As you can probably guess, the name cherry picker came from the fact that the trucks were used to pick cherries from cherry trees. These trucks had many advantages – they were safer than climbing a ladder, they did little damage to the tree itself, and the trucks made it easier to move from tree to tree.
As the popularity of the cherry picker began to grow, industries tweaked the truck to their advantage. For example, the utility industry saw this truck with the means of being modified and used to fix utility lines. This opportunity made early lineman work faster as well as safer. Soon enough, the forestry, mining and construction industries picked up on how this truck could benefit them and started using it.

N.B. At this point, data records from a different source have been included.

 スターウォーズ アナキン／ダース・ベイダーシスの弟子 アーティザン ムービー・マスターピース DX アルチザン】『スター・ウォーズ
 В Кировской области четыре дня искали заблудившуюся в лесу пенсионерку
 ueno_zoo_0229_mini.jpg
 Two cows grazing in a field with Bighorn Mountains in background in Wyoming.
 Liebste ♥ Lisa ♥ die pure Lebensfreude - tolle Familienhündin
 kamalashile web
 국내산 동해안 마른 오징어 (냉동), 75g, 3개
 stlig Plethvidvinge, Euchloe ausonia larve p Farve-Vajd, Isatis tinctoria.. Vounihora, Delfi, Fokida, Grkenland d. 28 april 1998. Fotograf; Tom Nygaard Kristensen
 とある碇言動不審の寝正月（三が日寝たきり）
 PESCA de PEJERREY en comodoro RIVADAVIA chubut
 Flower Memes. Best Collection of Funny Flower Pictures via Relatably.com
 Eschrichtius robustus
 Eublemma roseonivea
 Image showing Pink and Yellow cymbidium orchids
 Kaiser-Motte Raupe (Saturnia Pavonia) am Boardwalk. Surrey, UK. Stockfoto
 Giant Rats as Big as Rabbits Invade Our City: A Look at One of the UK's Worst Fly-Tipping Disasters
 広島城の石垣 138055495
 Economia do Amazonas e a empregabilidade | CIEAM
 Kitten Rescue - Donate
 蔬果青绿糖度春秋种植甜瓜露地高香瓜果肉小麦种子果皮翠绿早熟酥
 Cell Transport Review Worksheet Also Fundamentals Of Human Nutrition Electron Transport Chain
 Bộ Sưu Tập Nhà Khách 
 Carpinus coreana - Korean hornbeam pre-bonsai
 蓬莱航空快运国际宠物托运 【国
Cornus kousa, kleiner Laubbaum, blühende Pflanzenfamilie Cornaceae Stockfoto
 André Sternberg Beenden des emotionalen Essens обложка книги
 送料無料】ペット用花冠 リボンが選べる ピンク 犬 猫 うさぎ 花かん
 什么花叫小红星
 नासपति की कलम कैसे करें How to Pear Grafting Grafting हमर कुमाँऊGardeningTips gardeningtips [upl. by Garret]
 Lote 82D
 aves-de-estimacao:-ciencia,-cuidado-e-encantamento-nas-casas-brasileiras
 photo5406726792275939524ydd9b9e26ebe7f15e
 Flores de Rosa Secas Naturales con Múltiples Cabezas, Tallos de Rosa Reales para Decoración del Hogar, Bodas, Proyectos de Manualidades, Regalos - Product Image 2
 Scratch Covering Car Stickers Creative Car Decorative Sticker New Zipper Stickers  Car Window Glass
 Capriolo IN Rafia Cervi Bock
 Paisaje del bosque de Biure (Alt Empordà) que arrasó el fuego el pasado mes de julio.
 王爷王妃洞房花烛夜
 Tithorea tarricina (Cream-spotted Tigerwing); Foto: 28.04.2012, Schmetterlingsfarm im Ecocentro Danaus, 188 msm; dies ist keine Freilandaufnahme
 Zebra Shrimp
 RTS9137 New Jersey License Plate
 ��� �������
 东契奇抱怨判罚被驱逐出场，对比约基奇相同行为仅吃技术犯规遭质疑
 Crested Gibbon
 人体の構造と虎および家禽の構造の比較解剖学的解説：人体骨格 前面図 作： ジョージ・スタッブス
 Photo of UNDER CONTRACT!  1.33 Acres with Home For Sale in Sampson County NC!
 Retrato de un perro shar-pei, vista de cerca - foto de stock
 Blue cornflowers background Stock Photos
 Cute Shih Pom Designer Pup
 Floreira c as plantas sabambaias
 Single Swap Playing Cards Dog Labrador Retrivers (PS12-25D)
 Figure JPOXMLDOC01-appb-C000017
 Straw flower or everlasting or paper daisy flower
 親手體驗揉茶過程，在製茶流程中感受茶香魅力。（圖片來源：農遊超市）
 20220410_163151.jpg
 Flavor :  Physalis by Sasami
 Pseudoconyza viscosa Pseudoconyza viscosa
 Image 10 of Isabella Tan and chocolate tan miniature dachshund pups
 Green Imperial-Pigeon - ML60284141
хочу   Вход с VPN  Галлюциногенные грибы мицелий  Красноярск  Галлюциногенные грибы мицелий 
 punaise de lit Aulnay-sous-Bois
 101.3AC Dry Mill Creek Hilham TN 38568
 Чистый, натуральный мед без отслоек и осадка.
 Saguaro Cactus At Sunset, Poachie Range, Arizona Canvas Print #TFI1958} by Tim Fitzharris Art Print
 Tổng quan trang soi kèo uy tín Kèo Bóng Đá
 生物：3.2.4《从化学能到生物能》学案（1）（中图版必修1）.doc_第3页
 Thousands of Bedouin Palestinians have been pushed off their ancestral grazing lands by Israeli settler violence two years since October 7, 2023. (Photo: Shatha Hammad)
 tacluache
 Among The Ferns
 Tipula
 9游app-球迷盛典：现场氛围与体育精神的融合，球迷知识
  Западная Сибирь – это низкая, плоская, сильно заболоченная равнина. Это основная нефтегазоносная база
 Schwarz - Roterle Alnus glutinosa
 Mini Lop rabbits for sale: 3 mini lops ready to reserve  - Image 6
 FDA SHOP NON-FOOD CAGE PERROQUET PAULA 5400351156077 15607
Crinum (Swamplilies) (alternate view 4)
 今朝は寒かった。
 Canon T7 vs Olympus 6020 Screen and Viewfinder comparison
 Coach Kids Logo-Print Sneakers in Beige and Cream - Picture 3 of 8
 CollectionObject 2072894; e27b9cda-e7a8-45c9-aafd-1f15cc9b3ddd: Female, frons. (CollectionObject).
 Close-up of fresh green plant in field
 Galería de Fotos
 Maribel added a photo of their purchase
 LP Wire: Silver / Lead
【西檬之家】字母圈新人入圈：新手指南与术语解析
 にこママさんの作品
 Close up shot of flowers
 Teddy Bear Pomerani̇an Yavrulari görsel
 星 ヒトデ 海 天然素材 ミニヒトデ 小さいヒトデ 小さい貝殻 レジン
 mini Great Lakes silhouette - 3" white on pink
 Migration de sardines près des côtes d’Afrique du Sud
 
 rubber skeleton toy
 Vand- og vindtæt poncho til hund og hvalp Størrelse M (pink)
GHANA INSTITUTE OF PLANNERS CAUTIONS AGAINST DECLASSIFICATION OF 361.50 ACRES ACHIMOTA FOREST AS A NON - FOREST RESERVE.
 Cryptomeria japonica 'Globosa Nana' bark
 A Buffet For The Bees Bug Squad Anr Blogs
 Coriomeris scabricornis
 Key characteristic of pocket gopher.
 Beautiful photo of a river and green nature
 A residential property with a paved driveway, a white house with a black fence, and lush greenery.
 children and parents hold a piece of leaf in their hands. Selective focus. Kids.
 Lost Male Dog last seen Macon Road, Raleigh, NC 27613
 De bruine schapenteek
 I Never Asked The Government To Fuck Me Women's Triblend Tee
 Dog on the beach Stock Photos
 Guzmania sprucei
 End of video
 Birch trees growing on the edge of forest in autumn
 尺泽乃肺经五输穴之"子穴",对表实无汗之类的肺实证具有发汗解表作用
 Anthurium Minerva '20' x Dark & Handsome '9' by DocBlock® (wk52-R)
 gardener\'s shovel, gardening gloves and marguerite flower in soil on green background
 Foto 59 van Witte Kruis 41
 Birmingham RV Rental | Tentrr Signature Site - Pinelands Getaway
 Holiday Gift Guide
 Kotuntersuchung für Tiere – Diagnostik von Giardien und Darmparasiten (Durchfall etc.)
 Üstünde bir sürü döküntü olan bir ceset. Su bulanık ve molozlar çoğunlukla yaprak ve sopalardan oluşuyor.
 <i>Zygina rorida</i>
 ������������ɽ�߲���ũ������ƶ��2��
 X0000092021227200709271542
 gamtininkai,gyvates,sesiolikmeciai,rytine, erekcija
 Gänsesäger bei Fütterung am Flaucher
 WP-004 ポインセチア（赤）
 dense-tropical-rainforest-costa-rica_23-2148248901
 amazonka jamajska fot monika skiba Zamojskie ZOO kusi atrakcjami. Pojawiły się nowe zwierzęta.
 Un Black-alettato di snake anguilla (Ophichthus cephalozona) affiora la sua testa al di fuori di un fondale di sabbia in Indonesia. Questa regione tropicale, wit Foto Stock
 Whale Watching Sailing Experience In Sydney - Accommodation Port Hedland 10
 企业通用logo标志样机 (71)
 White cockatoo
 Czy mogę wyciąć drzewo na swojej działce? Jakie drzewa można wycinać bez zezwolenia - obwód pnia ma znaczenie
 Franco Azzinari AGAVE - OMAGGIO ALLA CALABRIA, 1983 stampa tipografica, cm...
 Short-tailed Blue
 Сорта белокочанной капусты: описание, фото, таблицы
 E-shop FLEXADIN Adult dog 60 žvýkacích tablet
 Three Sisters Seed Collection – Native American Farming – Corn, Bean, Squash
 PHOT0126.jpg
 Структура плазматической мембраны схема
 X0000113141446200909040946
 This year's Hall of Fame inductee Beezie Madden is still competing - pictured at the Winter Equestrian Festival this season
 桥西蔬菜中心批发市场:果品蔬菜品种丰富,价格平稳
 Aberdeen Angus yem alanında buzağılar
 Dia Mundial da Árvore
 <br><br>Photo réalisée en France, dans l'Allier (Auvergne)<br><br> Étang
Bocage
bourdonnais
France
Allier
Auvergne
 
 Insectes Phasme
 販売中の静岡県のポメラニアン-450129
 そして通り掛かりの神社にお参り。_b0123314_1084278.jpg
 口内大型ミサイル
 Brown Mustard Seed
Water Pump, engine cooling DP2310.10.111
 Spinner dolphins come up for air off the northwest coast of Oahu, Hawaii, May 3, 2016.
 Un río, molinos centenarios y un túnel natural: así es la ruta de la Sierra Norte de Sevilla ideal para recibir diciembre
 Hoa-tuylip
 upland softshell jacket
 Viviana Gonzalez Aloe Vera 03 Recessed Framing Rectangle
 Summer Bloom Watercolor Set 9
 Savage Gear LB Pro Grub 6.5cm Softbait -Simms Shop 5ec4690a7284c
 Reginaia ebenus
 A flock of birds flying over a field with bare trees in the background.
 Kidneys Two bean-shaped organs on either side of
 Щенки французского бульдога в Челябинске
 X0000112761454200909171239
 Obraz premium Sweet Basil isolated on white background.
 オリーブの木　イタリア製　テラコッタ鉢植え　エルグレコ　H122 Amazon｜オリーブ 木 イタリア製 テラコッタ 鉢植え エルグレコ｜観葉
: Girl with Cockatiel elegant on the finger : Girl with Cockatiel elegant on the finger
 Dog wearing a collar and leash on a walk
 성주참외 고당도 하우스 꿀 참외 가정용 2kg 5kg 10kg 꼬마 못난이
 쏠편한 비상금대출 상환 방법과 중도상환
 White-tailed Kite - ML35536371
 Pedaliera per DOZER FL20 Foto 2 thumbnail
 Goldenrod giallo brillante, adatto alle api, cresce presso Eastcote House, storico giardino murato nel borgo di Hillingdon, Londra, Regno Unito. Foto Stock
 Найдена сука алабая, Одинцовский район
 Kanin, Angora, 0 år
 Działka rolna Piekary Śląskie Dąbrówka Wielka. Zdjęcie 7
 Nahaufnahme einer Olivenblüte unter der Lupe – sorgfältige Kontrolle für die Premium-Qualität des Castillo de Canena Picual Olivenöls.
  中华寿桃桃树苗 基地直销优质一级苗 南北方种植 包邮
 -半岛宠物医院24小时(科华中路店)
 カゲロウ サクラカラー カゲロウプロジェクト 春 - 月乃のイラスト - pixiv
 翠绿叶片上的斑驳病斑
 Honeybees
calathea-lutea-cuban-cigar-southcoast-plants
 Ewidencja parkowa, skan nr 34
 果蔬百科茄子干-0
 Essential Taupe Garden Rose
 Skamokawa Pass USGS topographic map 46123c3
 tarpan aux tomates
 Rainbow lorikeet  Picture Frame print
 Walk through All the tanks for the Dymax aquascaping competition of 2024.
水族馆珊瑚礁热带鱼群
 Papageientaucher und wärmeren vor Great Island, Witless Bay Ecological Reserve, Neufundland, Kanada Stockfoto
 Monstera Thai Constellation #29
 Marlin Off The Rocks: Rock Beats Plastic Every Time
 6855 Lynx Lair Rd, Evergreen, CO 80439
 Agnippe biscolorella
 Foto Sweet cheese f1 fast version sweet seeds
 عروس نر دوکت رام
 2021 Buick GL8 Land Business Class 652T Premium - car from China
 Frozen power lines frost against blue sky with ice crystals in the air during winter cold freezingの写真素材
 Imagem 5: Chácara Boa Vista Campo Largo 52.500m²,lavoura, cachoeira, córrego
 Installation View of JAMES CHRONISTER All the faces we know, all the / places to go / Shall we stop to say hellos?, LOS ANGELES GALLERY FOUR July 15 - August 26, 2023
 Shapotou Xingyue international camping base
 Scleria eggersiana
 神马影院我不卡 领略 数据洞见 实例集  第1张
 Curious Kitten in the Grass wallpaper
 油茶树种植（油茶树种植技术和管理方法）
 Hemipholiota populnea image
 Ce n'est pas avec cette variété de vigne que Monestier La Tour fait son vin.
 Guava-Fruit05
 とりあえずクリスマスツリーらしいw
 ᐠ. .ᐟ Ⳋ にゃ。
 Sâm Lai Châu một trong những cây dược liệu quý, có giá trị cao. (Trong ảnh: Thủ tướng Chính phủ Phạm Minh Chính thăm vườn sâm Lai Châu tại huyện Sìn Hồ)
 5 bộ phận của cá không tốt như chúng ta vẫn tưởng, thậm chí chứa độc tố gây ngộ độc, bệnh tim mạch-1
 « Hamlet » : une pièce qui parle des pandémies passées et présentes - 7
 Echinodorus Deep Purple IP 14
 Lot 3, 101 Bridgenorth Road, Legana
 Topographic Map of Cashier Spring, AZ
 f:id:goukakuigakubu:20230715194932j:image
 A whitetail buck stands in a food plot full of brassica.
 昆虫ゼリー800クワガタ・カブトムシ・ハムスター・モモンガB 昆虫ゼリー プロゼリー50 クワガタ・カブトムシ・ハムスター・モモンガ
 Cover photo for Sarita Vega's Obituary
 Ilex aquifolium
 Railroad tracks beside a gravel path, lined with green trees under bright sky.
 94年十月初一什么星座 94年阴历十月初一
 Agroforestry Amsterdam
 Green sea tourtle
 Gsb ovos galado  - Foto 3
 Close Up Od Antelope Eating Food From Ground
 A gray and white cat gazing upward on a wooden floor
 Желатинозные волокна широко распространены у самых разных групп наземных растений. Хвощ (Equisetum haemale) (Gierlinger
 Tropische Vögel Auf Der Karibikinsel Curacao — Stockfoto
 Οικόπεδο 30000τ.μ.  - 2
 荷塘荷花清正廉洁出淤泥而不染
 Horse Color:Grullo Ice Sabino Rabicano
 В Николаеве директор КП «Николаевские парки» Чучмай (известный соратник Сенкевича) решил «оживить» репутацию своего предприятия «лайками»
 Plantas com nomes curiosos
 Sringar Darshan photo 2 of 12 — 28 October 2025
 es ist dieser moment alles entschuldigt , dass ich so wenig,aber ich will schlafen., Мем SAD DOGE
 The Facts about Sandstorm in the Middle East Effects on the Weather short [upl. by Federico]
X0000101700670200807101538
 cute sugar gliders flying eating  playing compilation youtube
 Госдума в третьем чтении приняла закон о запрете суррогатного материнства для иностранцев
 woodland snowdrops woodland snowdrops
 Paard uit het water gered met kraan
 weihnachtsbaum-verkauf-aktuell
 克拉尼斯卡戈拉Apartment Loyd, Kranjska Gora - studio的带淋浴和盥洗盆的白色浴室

Today, some aspects of the original cherry picker truck are still in use. On newer models, the boom is in a position so that it can be multifunctional throughout different industries. Outriggers are a newer, and more popular, option to add more stability.
As fuel prices are on the rise, so is the cost of purchasing a bucket truck. In response, the truck is evolving, again, to be greener. This evolution will not only be kinder to the environment, but also allow the saving of operational costs. This new design will prompt the smaller size of the bucket truck making it more compact.